8-27-08 by dugan
A friend asked me today about all the investment hype and other excitement surrounding the so-called Bakken Formation oil reserves. Here’s the gist of what I told him, which might make him decide to keep the retirement fund under the mattress.
Yes, there’s a bunch of oil in the deep, deep pockets of hard rock in the Bakken formation, primarily in North Dakota, Montana and south-central Canada. But it’s really hard to get at, which is why the plains look nothing like West Texas.
In addition, the most productive technology, horizontal hydraulic fracturing, uses a lot of water (scarce enough already in that dry upper Midwest) that can’t likely be recovered for re-use. The environmental damage isn’t at the level of mining shale oil, but water is increasingly what’s most fought over.
The revived Bakken excitement is due primarily to a sparse 2-page "fact sheet" and press release issued in April by the U.S. Geological Survey. Its conclusion– that up to 50% of the Bakken oil could be recoverable, a huge increase over previous assessments–raised eyebrows in science circles, though obviously not among Internet get-rich-quick schemers.
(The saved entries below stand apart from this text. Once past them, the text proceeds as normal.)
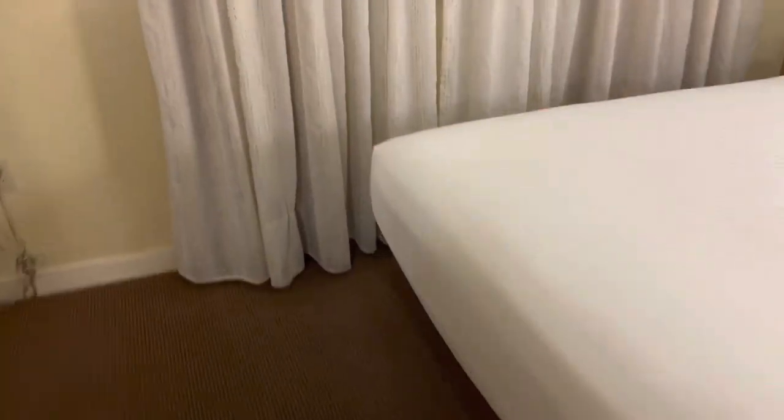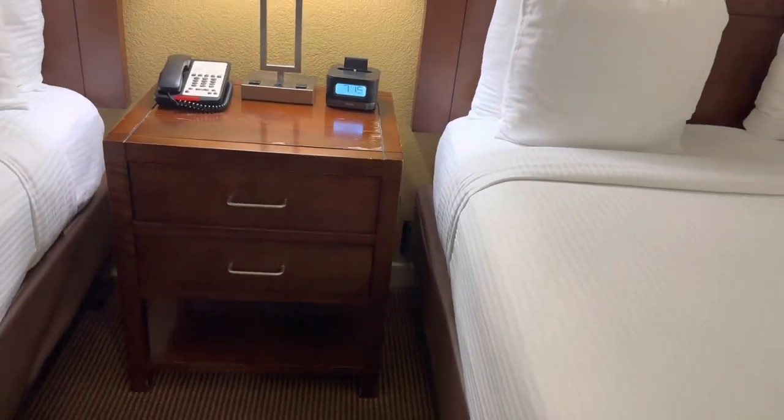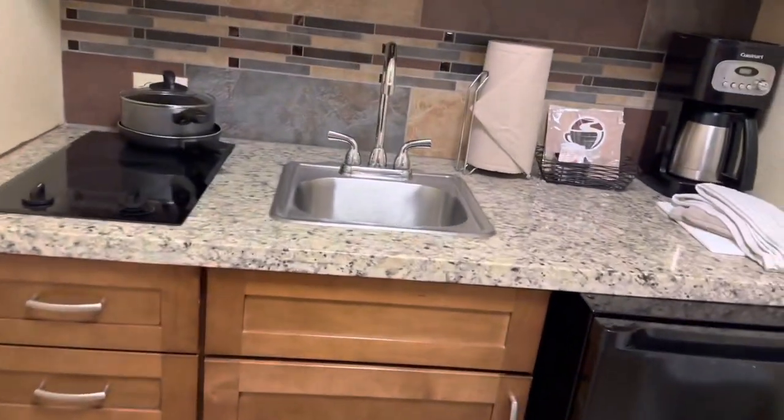So we're in the B unit. Basic hotel room style, like a double bed. We have a curtain and then a window. There's a closet over there, there's a TV, TV stand, dresser, table. Seems like there could be a mini island or something, and like a kitchenette.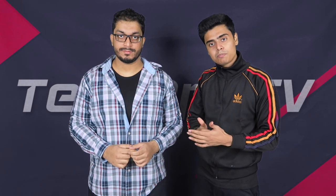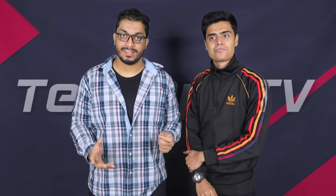Guys, what do you think? Would you wait for an AMD CPU for your next PC build? Or is it too early to tell? Please tell us in the comment section below. Like and subscribe, and keep watching TechOS TV!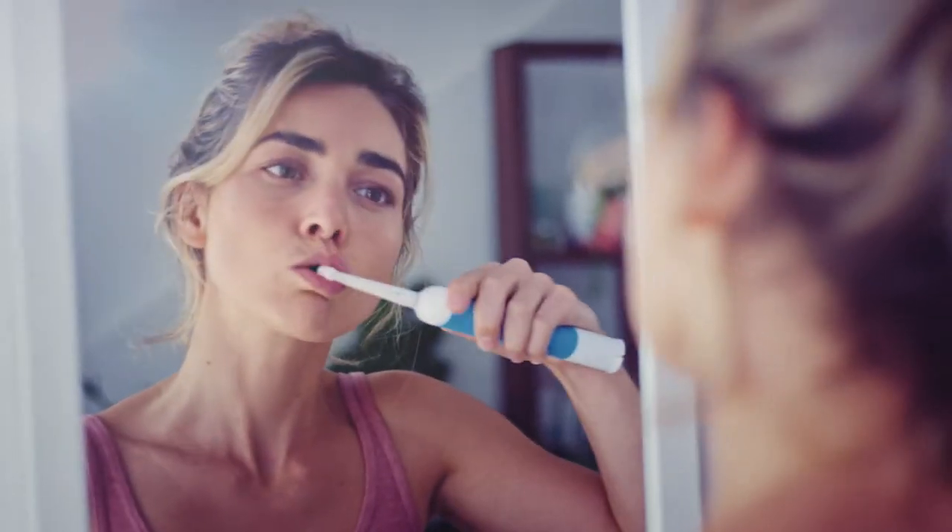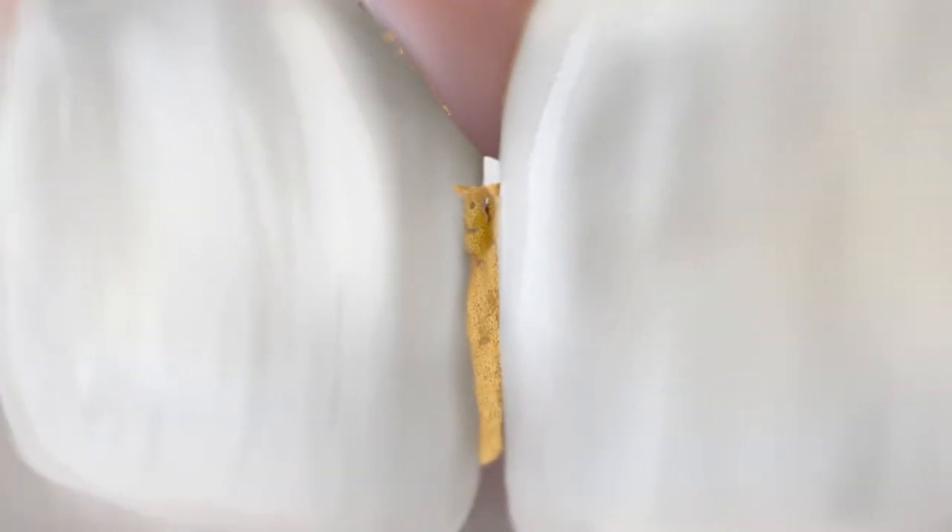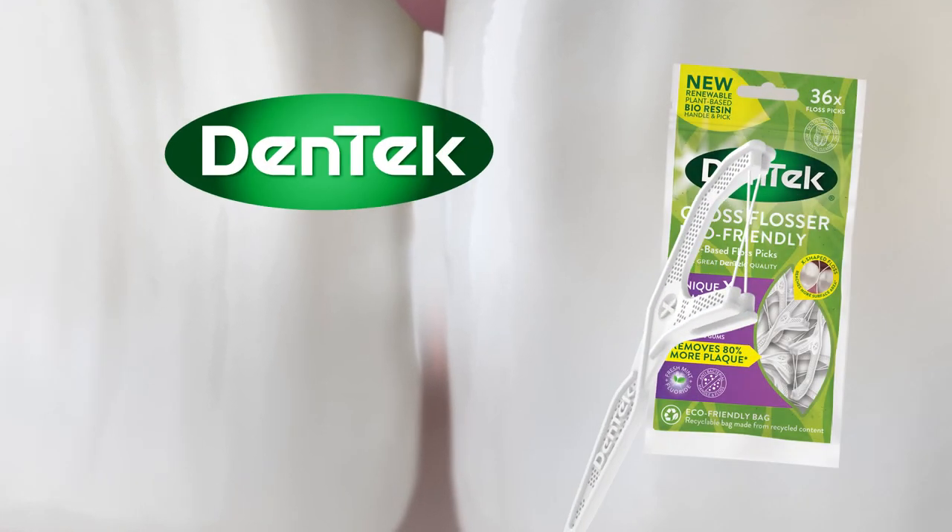Brushing your teeth is important, but did you know a toothbrush can only reach about 60% of a tooth? For the other 40%, choose a Dentec Cross Flosser. Its unique cross-shaped floss hugs teeth and reaches more tooth surface area to remove even more plaque.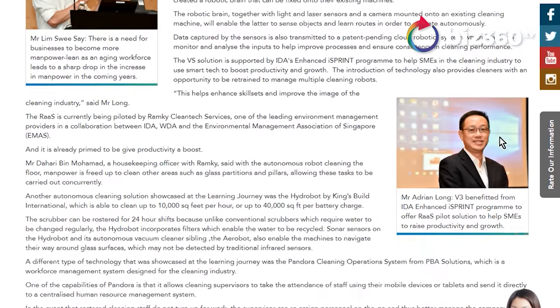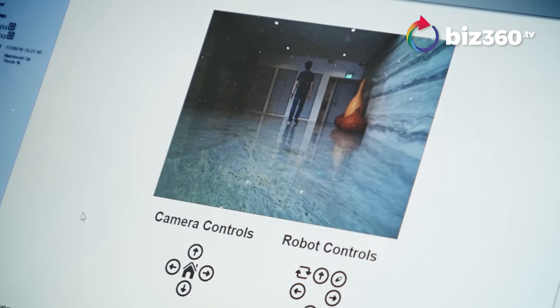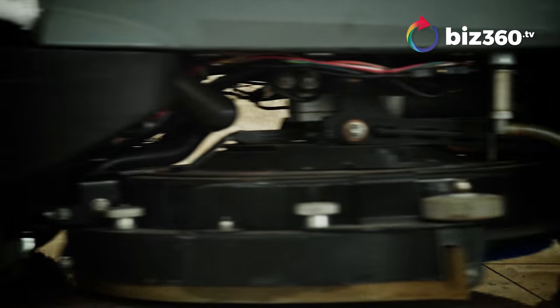Typically if you were to clean, let's say, a warehouse area, it may take up to two to three staff as well as a few hours. But with the cleaning machine, while letting the machine run, rather than focusing on the basic cleaning, they can move on to other activities which is of higher value to the company.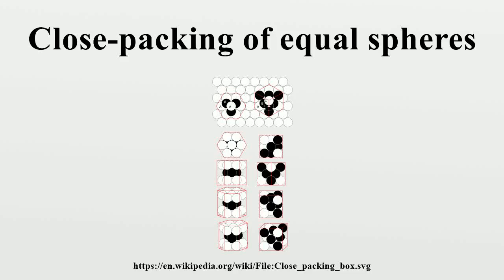In geometry, close packing of equal spheres is a dense arrangement of congruent spheres in an infinite, irregular arrangement. Karl Friedrich Gauss proved that the highest average density — that is, the greatest fraction of space occupied by spheres — that can be achieved by a lattice packing is the same packing density that can also be achieved by alternate stackings of the same close-packed planes of spheres, including structures that are aperiodic in the stacking direction.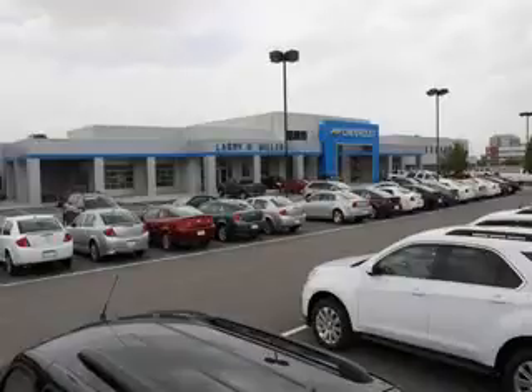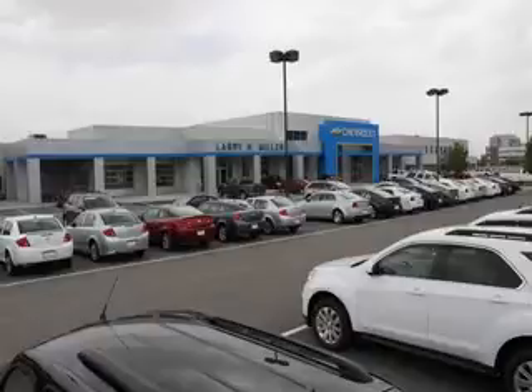Thank you for selecting Larry H. Miller Chevrolet Murray, where we have hundreds of new, pre-owned and certified vehicles to choose from.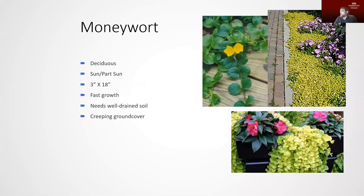Moneywort is a really interesting plant. It has a creeping habit, tending to crawl along the ground and stay fairly low — anywhere from about three inches to about a foot and a half. It really prefers more sun and needs a good well-drained soil. I really like it if you have a raised bed or an area where you can let it trail — it looks really good in that use. It has some really interesting yellow color to the foliage and produces really nice yellow flowers that make a great feature in the landscape.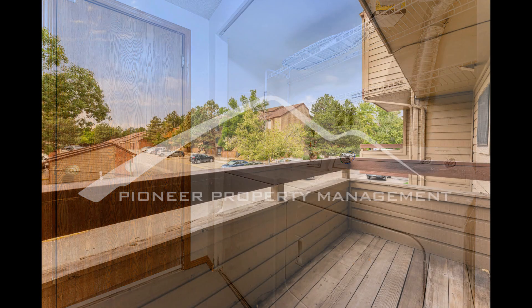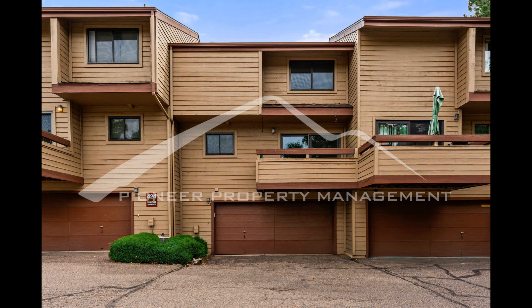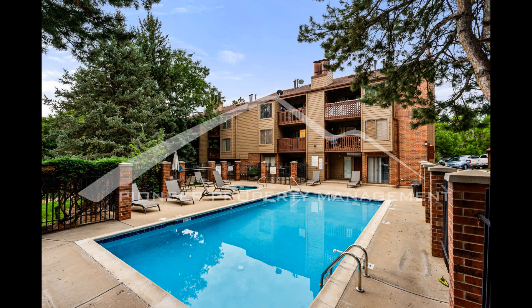If you are interested in this Lakewood, Colorado rental property, or want to know what other rentals are available in the area, contact us today. We are ready to help you find your next home.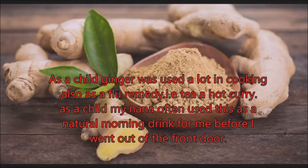As a child, ginger was used a lot in our cooking, also as a flu remedy, as in a hot drink, hot curries. Ginger was always used, and my Nana would never let me go out the door without having a hot drink of ginger tea.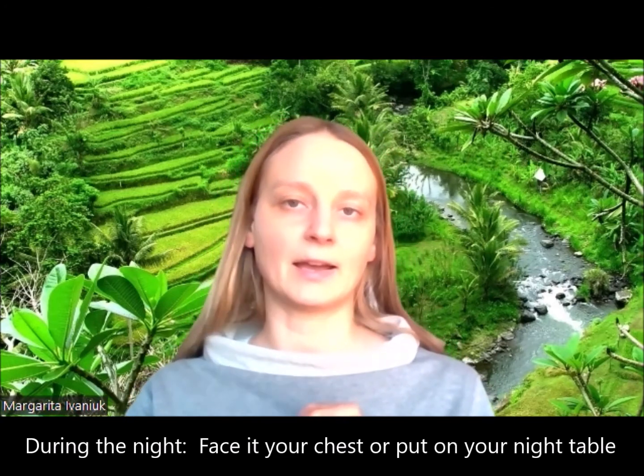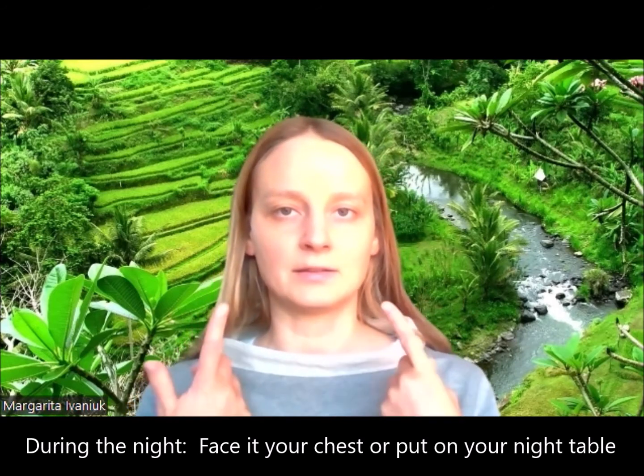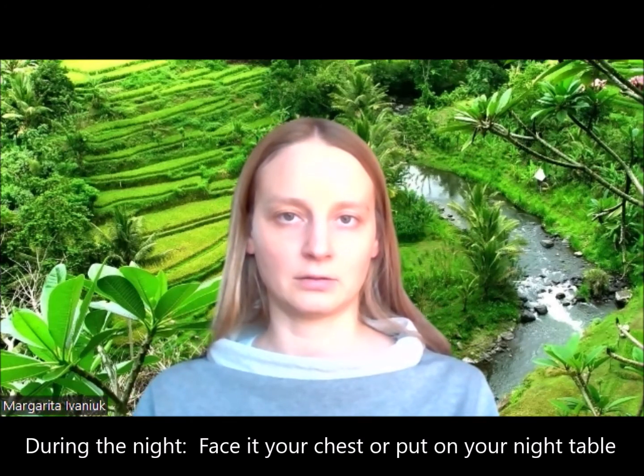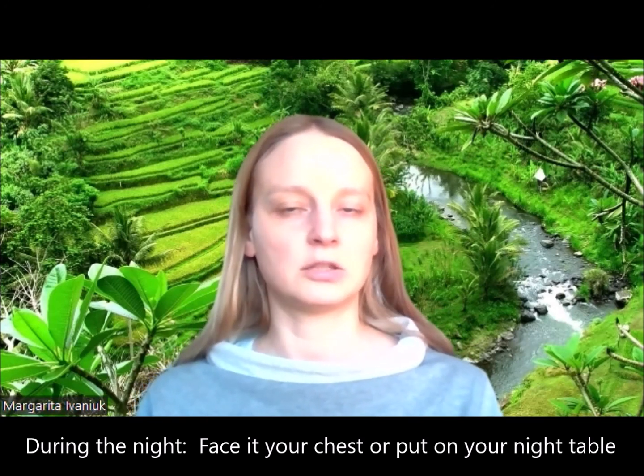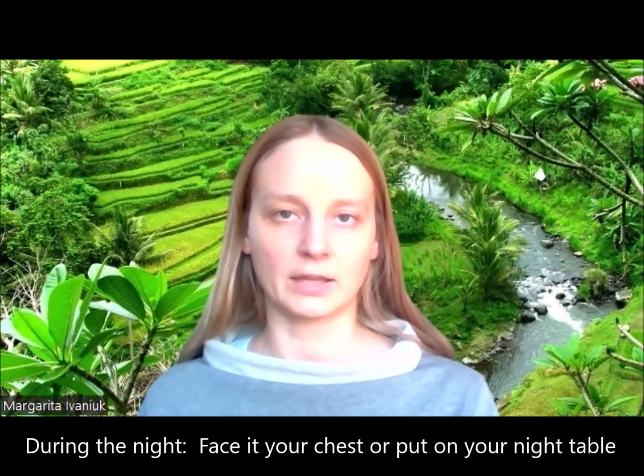Remember, you want to wear the Bubble every day to experience these benefits during the day and during the night. You can either turn it upside down or turn it in another direction so that the light, instead of facing you, faces your chest. Another option is to put the Bubble just beside your nightstand, and that would count as well as you wearing it, pretty much.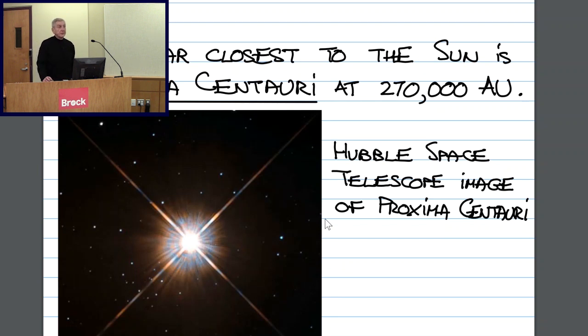Proxima Centauri is much dimmer than the sun — it's less luminous. Its surface temperature is lower than that of the sun, roughly half. And as a result of that, it is reddish in color. It belongs to the group of stars known as red dwarfs. These are stars less luminous than the sun with cooler surface temperatures, and probably these stars are much more common than stars like our sun.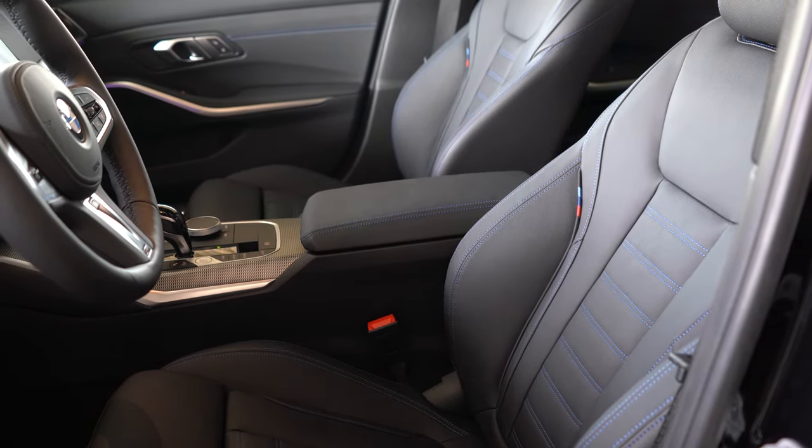Some of the safety features that are listed as package options — like blind spot monitoring — should probably come standard at this price point, as other manufacturers include them. That said, this is a very solid pick and the 3 Series has been around forever — you really can't go wrong with it. Thanks so much for watching; follow me on social media, hit subscribe and the bell notification if you're into new car reviews, and I'll see you guys in the next video. Stay gold.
Here’s a link, from OilDrum, to a neutral discussion of Bakken recoverability, and a critique of the USGS statement.
The critique takes a close look at the lack of supporting data or reasoning in the USGS report. I can’t help smelling a political reason for the partial report–a sort of bread and circuses distraction on behalf of the "drill now, drill everywhere" crowd.
It’s worth your while to dig down to the discussion of charts 4 and 5, which get to the heart of the recoverability problems. The gist is that the rock is dense and the oil stays in the rock pocket where it was produced, rather than migrating through cracked or porous rock to big reservoirs, as in the Gulf of Mexico. That means less production from each pipe.
Bottom line: Putting down a straw, even a horizontal water-assisted straw, can bring back a big gulp of Bakken oil. But the straw doesn’t keep refilling for long.